Der Sprayer in Bosnien
Ein mutiges Buch – gelobt und gescheitert
Er war die Überraschung auf der Longlist der Nominierten für den Deutschen Buchpreis: der 34-jährige Österreicher Robert Prosser mit seinem zweiten Roman „Phantome“. Ohne Zweifel ein mutiges Buch. Aber zum Glück nicht auf die Art, wie es zunächst droht. Das klänge nämlich so: „Eigentlich ist es mit Bosnien nicht anders als mit Graffiti, beide funktionieren nach strengen Regeln, die für Außenstehende schwer zu durchblicken sind. Und heillos kompliziert sind die Verbindungen und Feindschaften, die ein verworrenes Netzwerk über ein Land spannen, in dem bereits dein Name verraten kann, ob du Kroate, Serbe oder Bosniake bist…“Graffiti und Krieg, o weh, also wäre das Sterben eine Frage des Styles… Aber nein, das Buch beginnt zum Glück nur als Szenenwechsel zwischen Bosnienreise und Sprühaktionen, ist im Kern aber ein vollständiges Eintauchen in die Erinnerungen aus der Kriegszeit. „Eine Zelle, dann ein Keller: enge, finstere Kerker, in denen Jovan für Tage vegetiert.“In diesem Stil. Prosser versteht Sprache sehr rhythmisch, erzeugt gekonnt Atmosphären… – aber wozu?

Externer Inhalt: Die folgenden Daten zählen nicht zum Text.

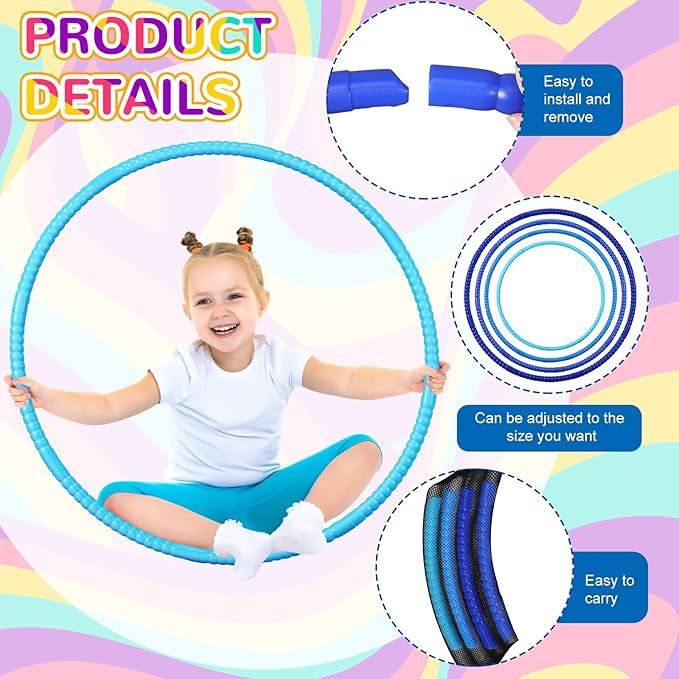 Libima 16 Pcs Toy Color Hoop for Kids, Detachable Adjustable Light Weight Plastic Colored Hoops Toy Circles for Party Games, Dance, Dog Agility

Im Nachwort gesteht der Autor offen, zuvor praktisch nichts über den Bosnienkrieg gewusst zu haben. Löblich, dass er nun recherchiert, mutig, dass er sich gleich an eine literarische Aufarbeitung gemacht hat. Kein Wunder, dass er scheitert. Zum Glück ist „Phantome“auf der Shortlist nicht mehr vertreten.